### Exercise
Once the line containing "Crema de caracol" is found in the records below, return it and each following line exactly, up to and including the line containing "Invitación Pink Bow", and nothing else.

### The data

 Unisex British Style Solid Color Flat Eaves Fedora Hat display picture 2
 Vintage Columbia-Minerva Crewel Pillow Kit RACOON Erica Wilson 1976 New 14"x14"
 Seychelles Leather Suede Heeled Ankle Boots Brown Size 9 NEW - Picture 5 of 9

--

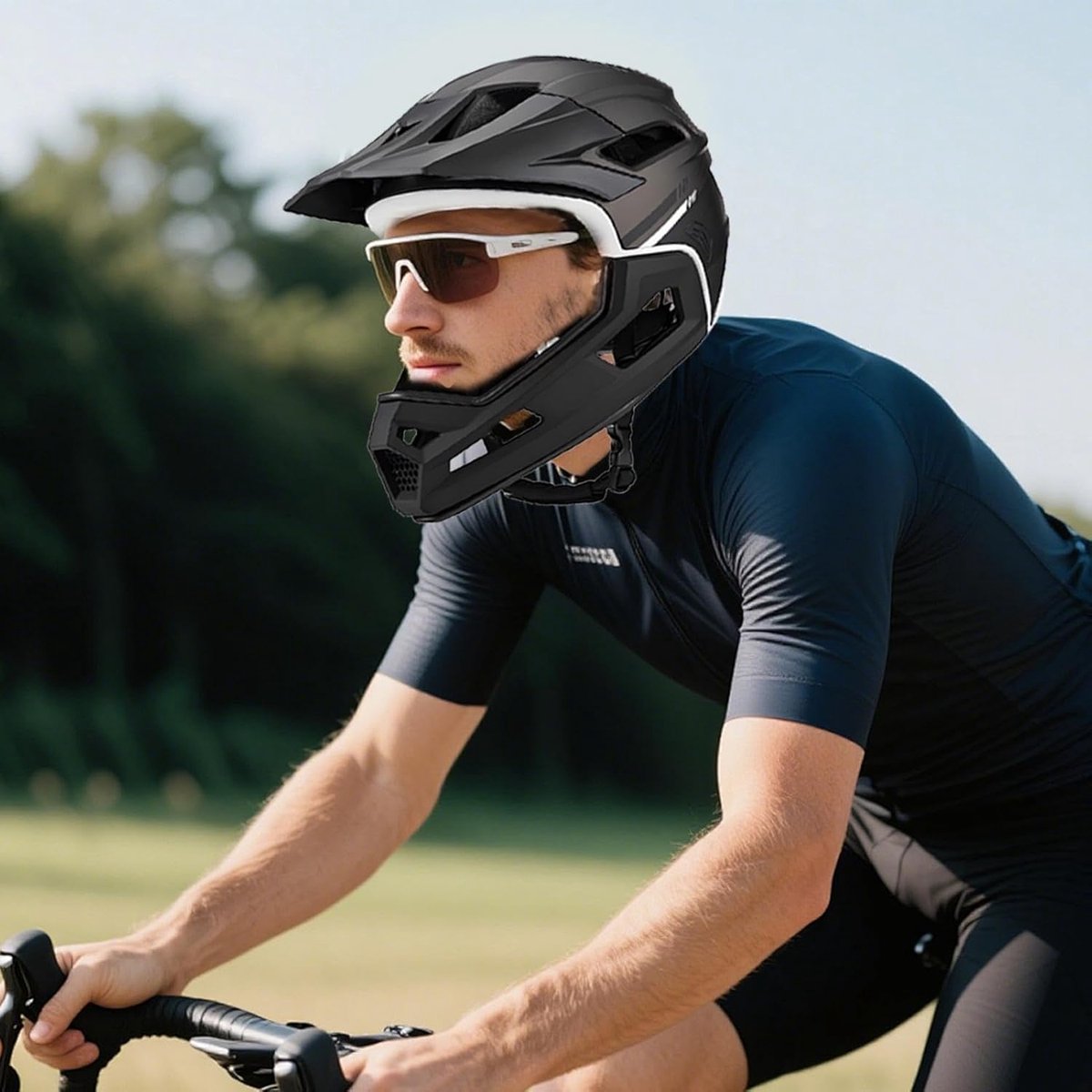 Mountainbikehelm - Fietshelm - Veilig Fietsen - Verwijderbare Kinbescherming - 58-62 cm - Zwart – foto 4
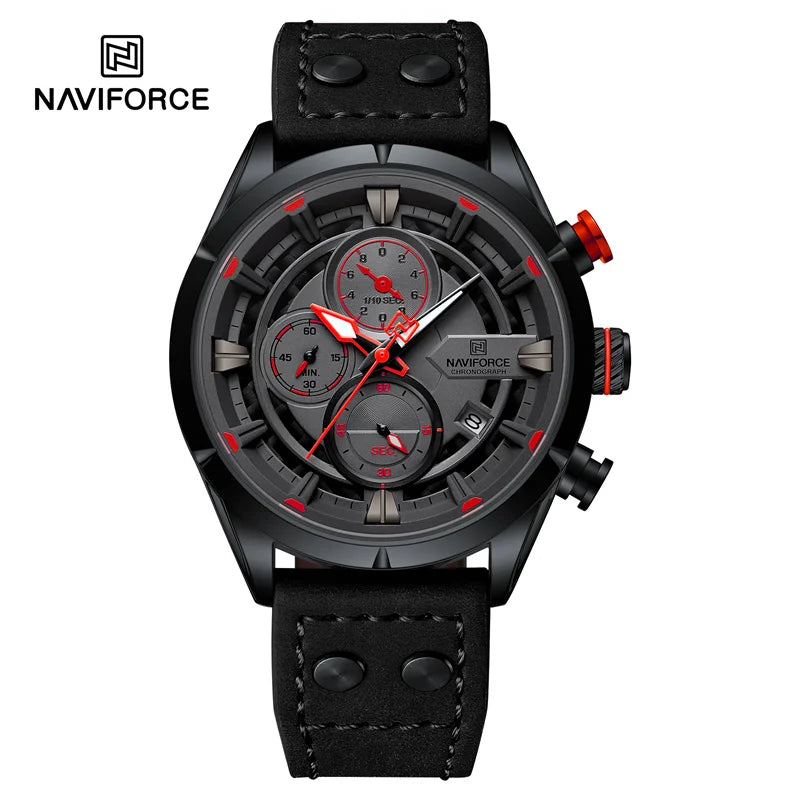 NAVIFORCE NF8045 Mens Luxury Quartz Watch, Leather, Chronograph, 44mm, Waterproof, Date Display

--

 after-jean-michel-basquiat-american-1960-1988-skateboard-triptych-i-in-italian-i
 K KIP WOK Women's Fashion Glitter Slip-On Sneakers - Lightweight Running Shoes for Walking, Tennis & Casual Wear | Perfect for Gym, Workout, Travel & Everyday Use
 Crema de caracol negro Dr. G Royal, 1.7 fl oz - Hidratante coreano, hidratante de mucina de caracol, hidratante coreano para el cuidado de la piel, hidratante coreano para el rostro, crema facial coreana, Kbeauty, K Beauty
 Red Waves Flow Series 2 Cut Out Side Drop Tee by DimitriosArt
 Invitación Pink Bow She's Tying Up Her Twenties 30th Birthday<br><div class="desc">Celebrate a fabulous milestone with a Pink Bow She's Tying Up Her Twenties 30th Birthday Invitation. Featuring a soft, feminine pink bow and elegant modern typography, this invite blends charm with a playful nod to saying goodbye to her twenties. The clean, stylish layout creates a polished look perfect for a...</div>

### Solution
 Crema de caracol negro Dr. G Royal, 1.7 fl oz - Hidratante coreano, hidratante de mucina de caracol, hidratante coreano para el cuidado de la piel, hidratante coreano para el rostro, crema facial coreana, Kbeauty, K Beauty
 Red Waves Flow Series 2 Cut Out Side Drop Tee by DimitriosArt
 Invitación Pink Bow She's Tying Up Her Twenties 30th Birthday<br><div class="desc">Celebrate a fabulous milestone with a Pink Bow She's Tying Up Her Twenties 30th Birthday Invitation. Featuring a soft, feminine pink bow and elegant modern typography, this invite blends charm with a playful nod to saying goodbye to her twenties. The clean, stylish layout creates a polished look perfect for a...</div>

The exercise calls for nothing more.